Load Balancing Exchange 2013 (CAS) with clustered (Zen) Load Balancers

I decided to skip my post about Exchange Database Availability Groups (DAGs), as all the information needed was already very well documented. All I did was following the excellent guide from exchangeserverpro.com, Installing an Exchange Server 2013 Database Availability Group. I got my DAG up and running in no time. We already have a working DAG environment up and running as well.

The part which needed some extra attention was High Availability/Load Balancing, mainly load balancing the CAS. (DAGs are sort of high availability/failover tolerant by design, but if the CAS go down they’re rather useless).
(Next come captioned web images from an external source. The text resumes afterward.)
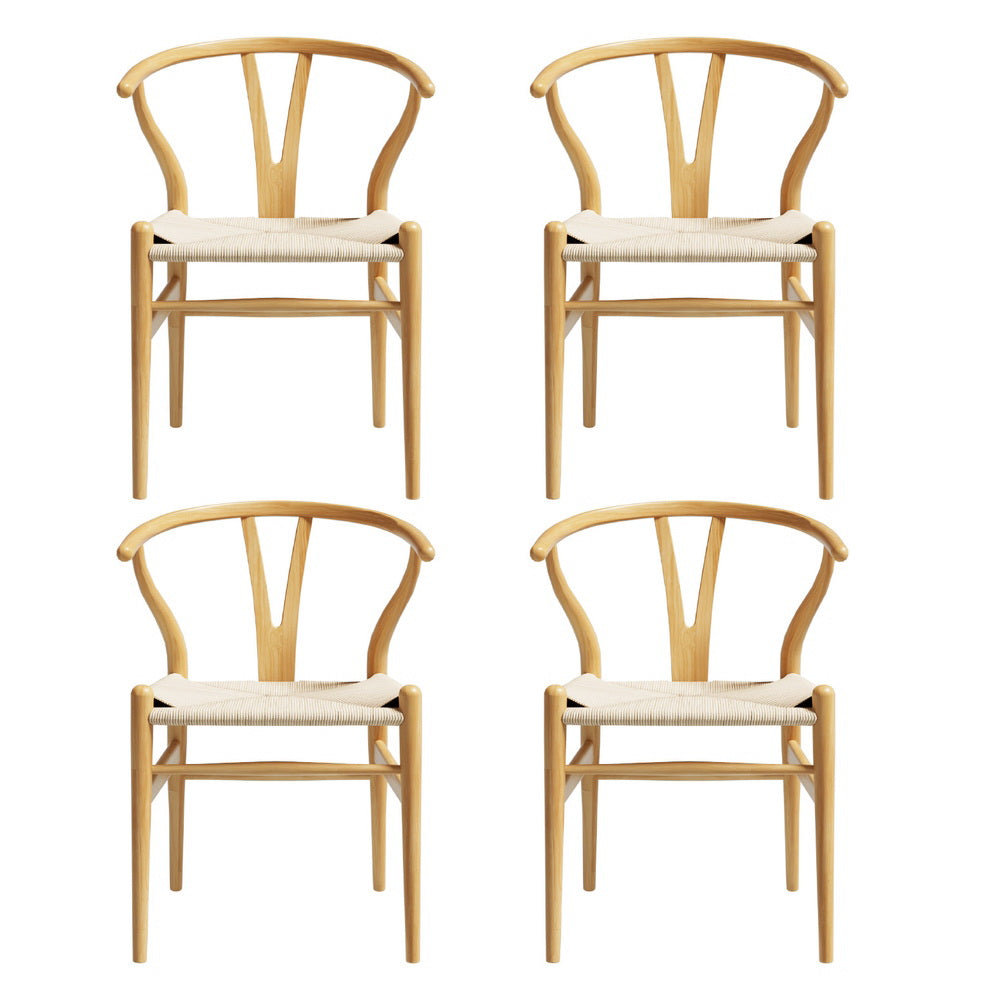 1 Set of 4 Artiss Dining Chairs Wooden Rattan Seat Wishbone Back-2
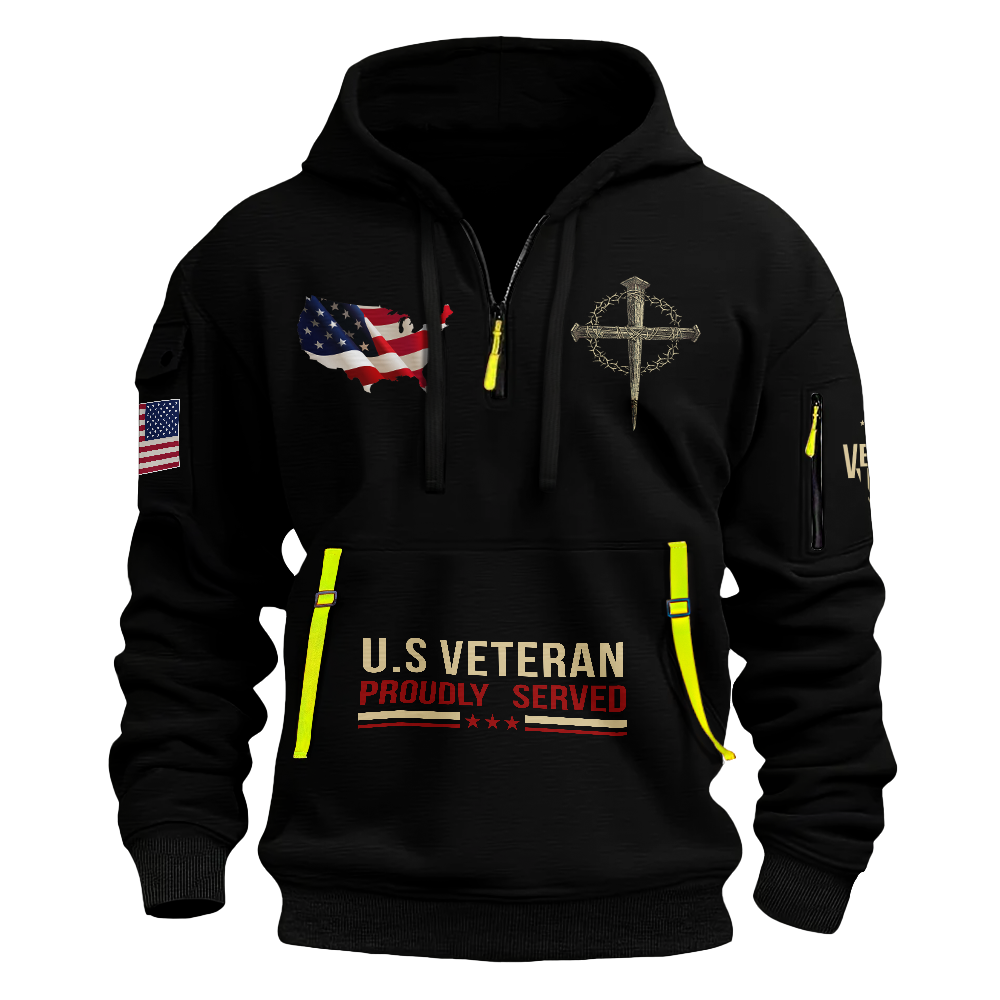 Jesus Christ And The American Veteran Quarter Zip Hoodie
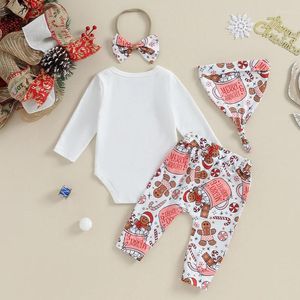 Clothing Sets Baby Girl Christmas Outfit Bron Fall Winter Clothes Infant My First Romper Pants Hat Matching Set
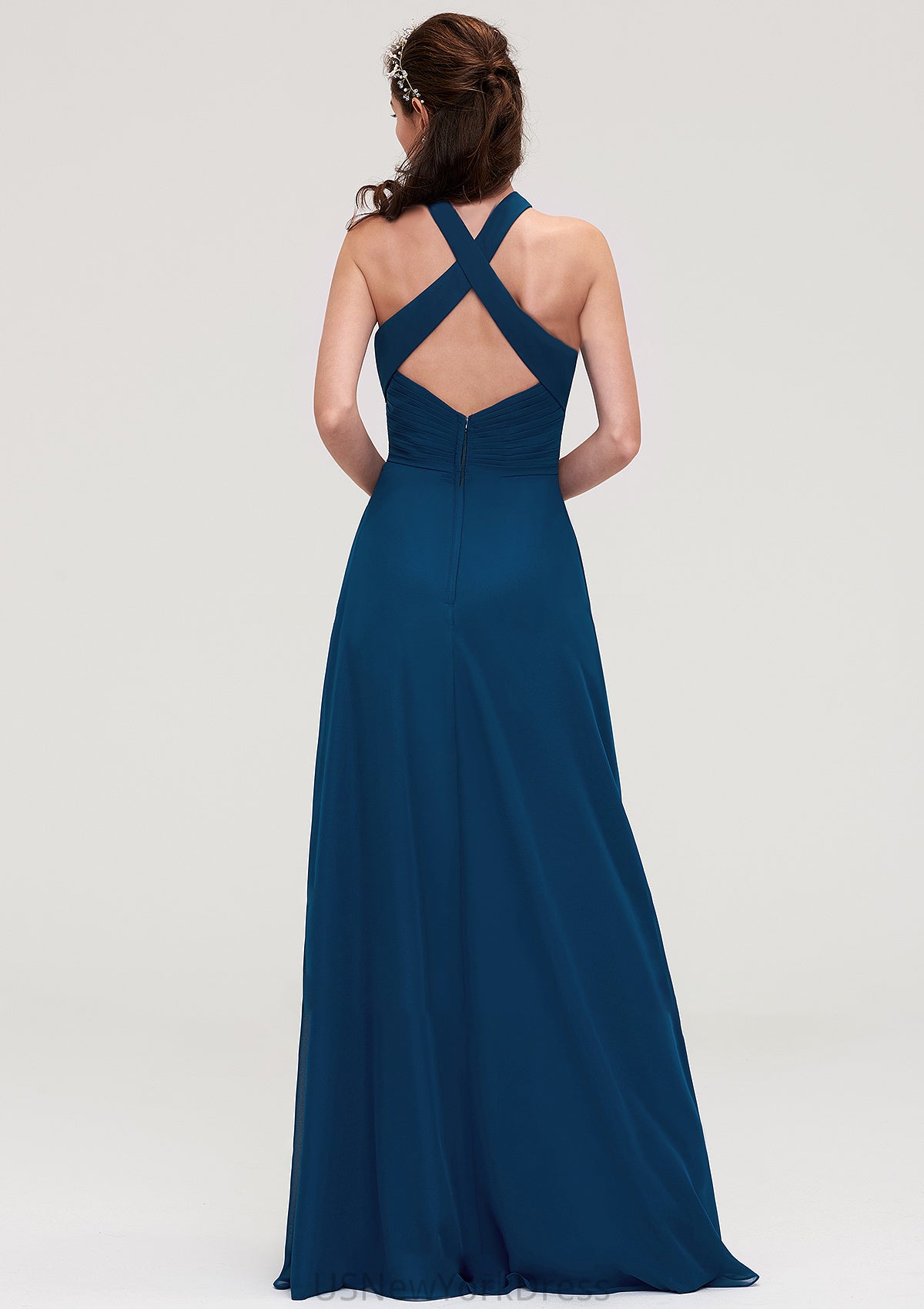 Scalloped Neck Sleeveless A-line/Princess Chiffon Long/Floor-Length Bridesmaid Dresseses With Split Pleated Carly DJP0025424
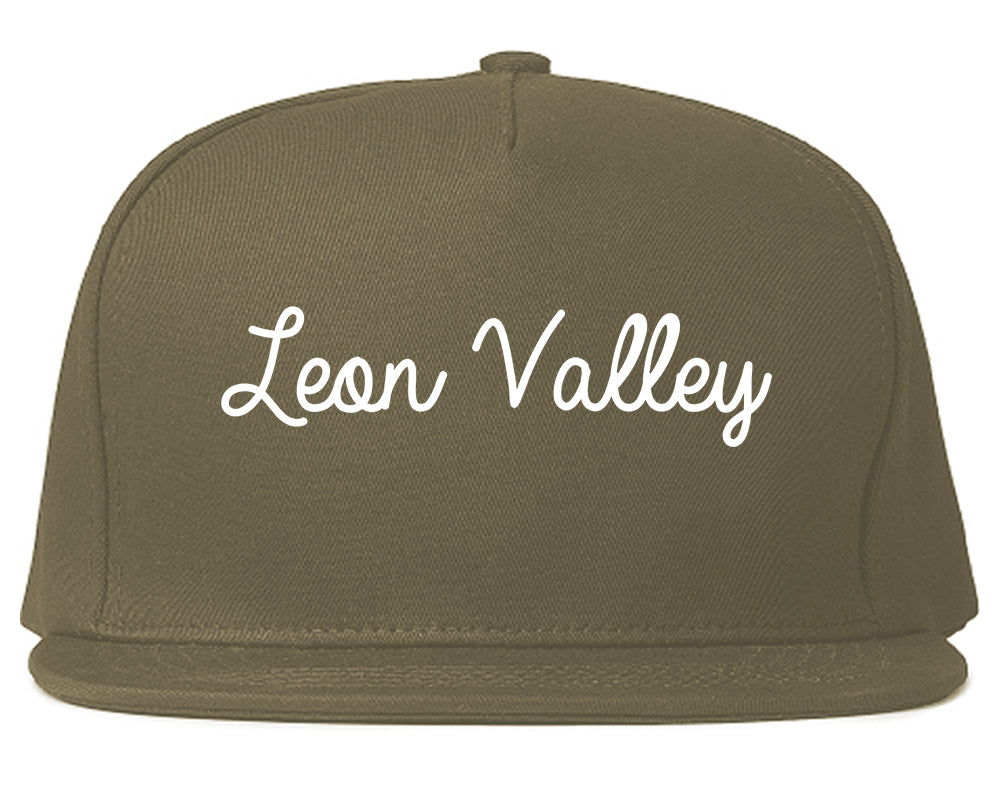 Leon Valley Texas TX Script Mens Snapback Hat Grey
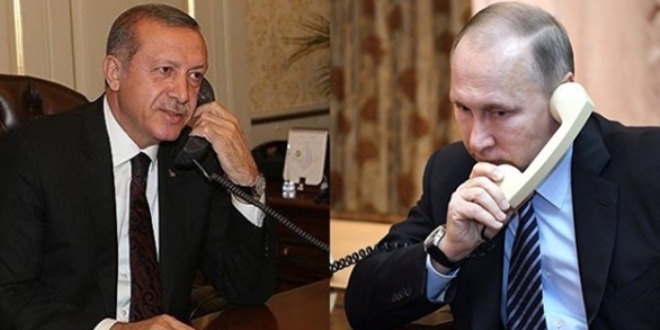 Cumhurbakan Erdoan, Putin ile telefonla grt
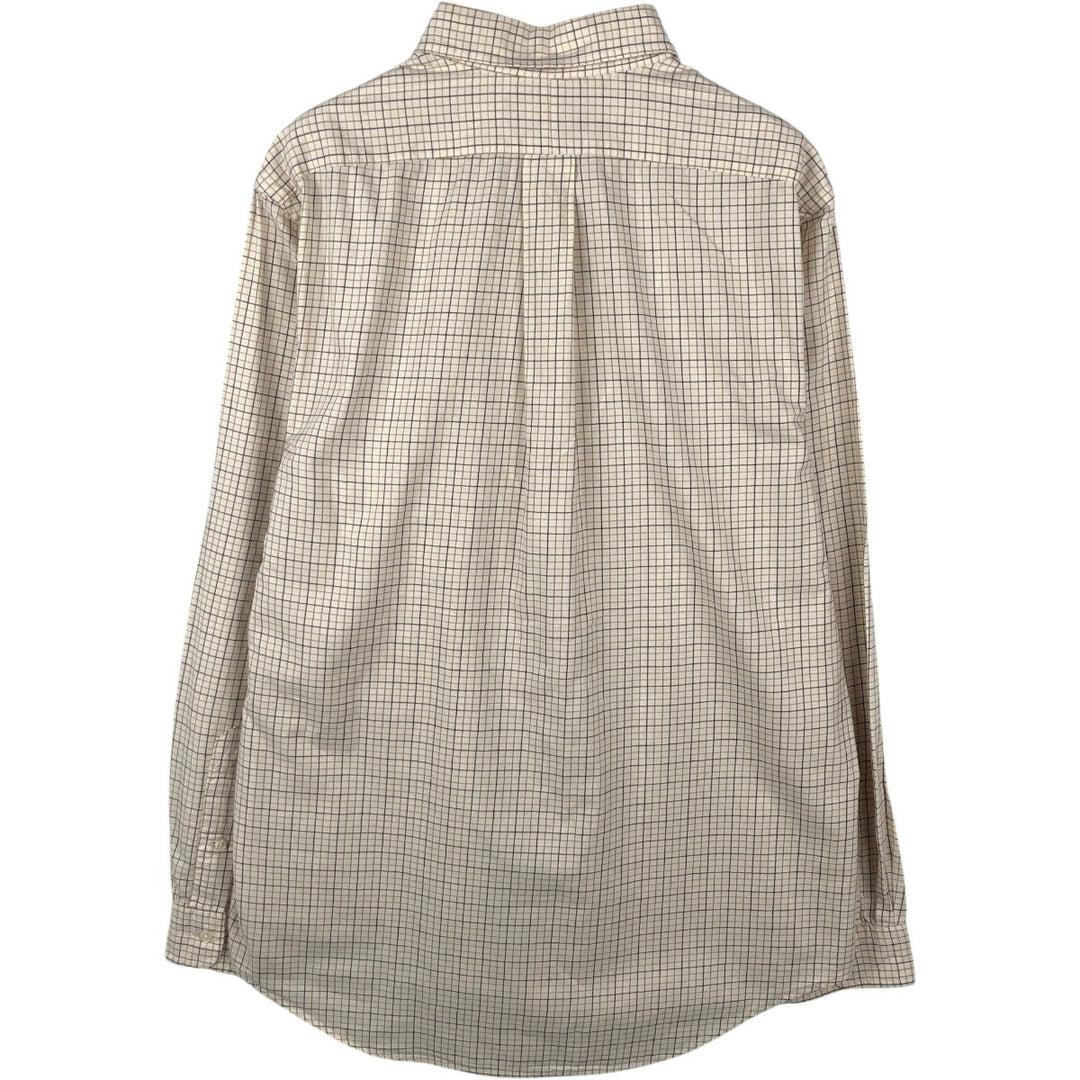 Ralph Lauren CUSTOM FIT long sleeve button down check shirt, men's size L cotton Beige type Vintage Second Hand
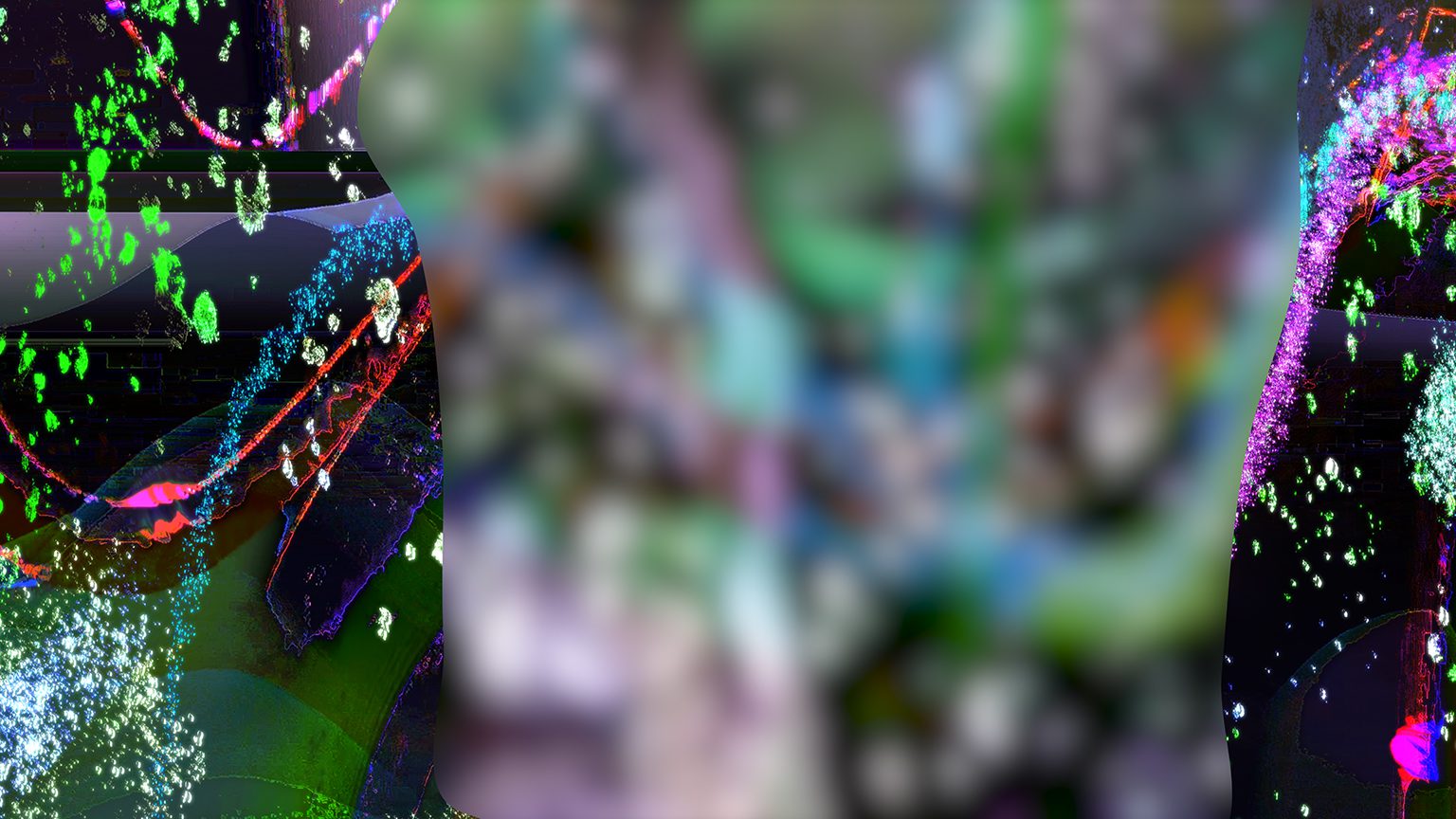 Swimmer's Canyon — VR screenshot, nocturnal landscape with ethereal light and surreal elements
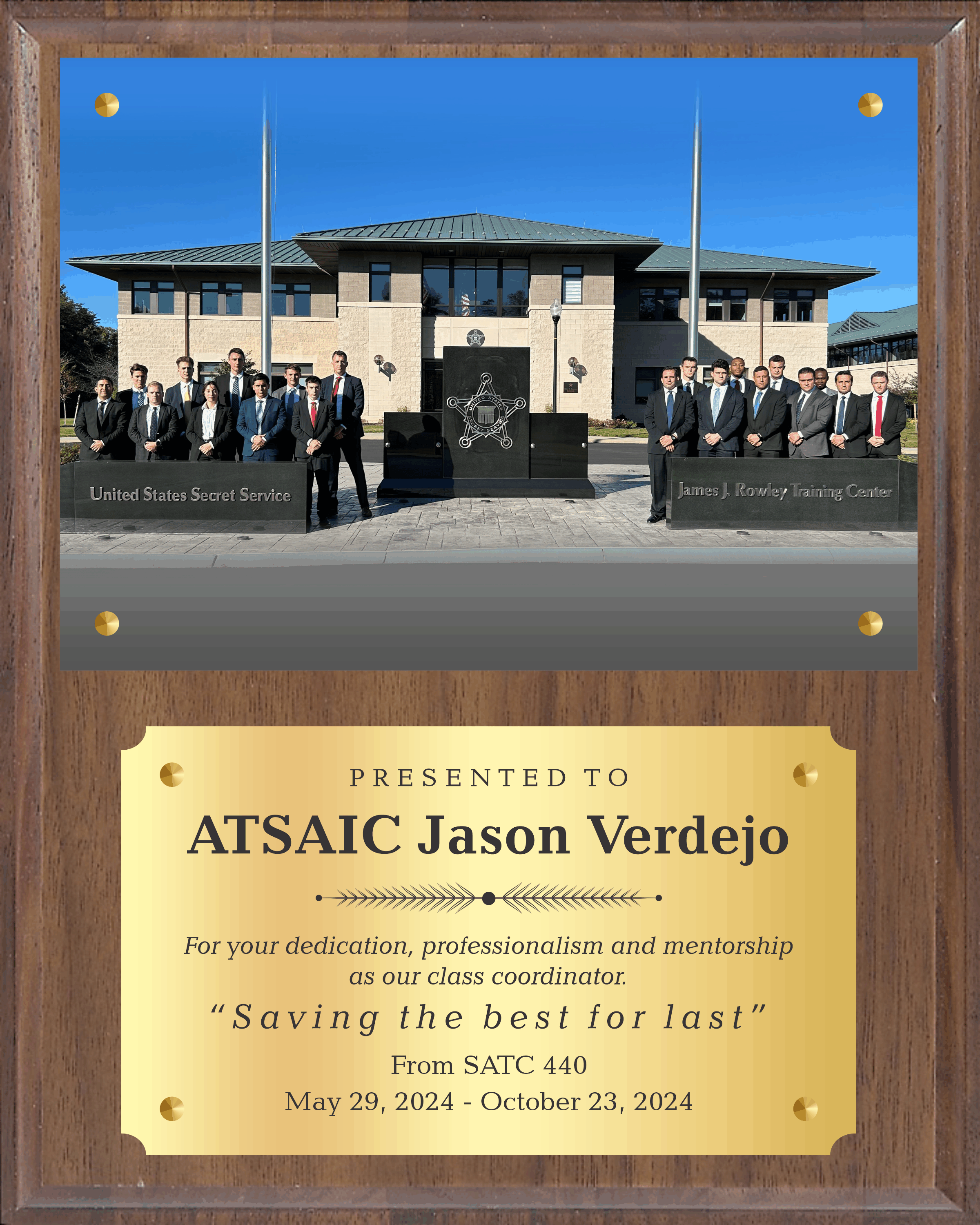 Walnut Plaque with Photo Plexi Mount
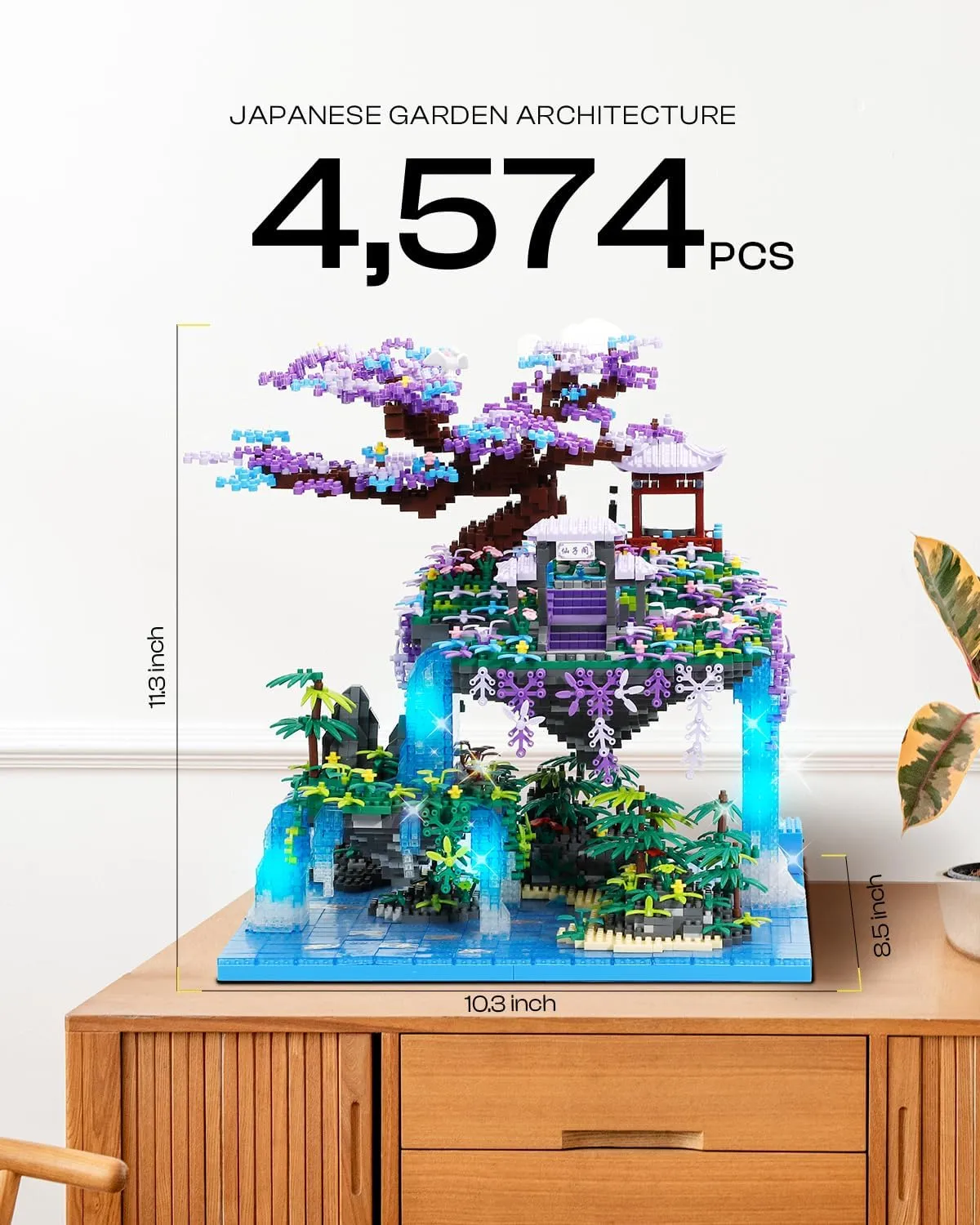 Kimiangel Cherry Blossom Bonsai Tree Set with Lights, Collectible of Japanese Sakura Tree House Model Building Kit, Birthday for Kids Age 14 &Adults Chineses Architecture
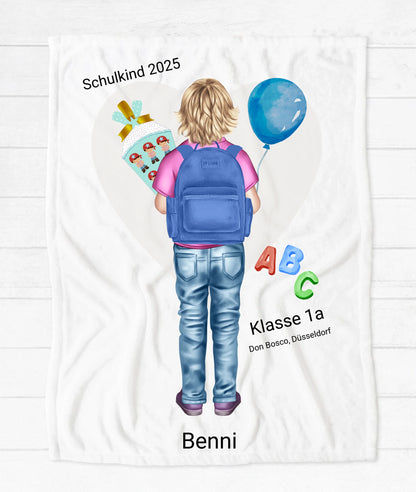 Einschulungsgeschenk oder Geburtstagsgeschenk | Kuschelige Kinderdecke Junge personalisiert | Kinderzimmerdeko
UPDATE 22.2.2017: I published a new blog post about Using FarmGuardian to enable HA on Back-ends in Zen Load Balancer. Use this as a compliment to this guide.

I’ll start off by making illustrations of the current and soon-to-be situations.

Current situation

 

exchange_current_setup

Fig 1. Current setup

  • 1 Exchange server used as CAS proxy/redirect.
    • No user mailboxes
    • Not actually needed, we could also use dns round robin. The server was meant to replace the Exchange 2010 server at first… then change of plans, not going into any details here.
    • Will be taken out of production and replaced by Zen Load Balancing cluster
    • Single point of failure
  • 1 server running Exchange 2010. Existing users will be migrated from this server to the (two) Exchange 2013 servers real soon. (When certificate issues are fixed).
    • When this is done, the server will be taken out of production.
  • 2 Exchange 2013 servers, running in two different physical locations (even though in same domain).
    • DAG is used between the two servers
    • All users will be moved to these two servers
  • Single namespace

 

Soon-to-be situation

Goals:

  • No (CAS) single point of failure
  • Only Exchange 2013 servers in the environment

 

exchange_soon_to_be_setup

Fig 2. Soon-to-be setup

  • 2 Clustered Zen Load Balancers (in different physical locations)
  • 2 Exchange 2013 servers (the existing ones from Fig 1)
  • Single namespace (exzen)

This whole setup might seem a bit small, but at the moment it’s sufficient. We’ll expand when the need is there. Only calendars and contact information is currently stored on the exchange servers, email is handled by our 3rd party imap server.

NOTE! If you are using VMware in your environment, be sure to check this information:

https://keepingitclassless.net/2013/04/virtual-routing-part-2-fhrp-issues-in-vmware-vsphere/

It will save you time and nerves when trying to figure out why replication isn’t working.

 

Installing Zen Load Balancing Cluster

Introduction

I was put to the task of finding a good load balancing solution for Exchange. In its most simple configuration you could just use dns round robin (http://exchangeserverpro.com/exchange-2013-client-access-server-high-availability/), but I wasn’t too convinced about this idea. Round robin seemed more like the poor mans load balancer. That said, it will work. I even gave it a go in my test environment. The clients got a little bit (too) confused though. Not good. I decided to move along to a “real” load balancer.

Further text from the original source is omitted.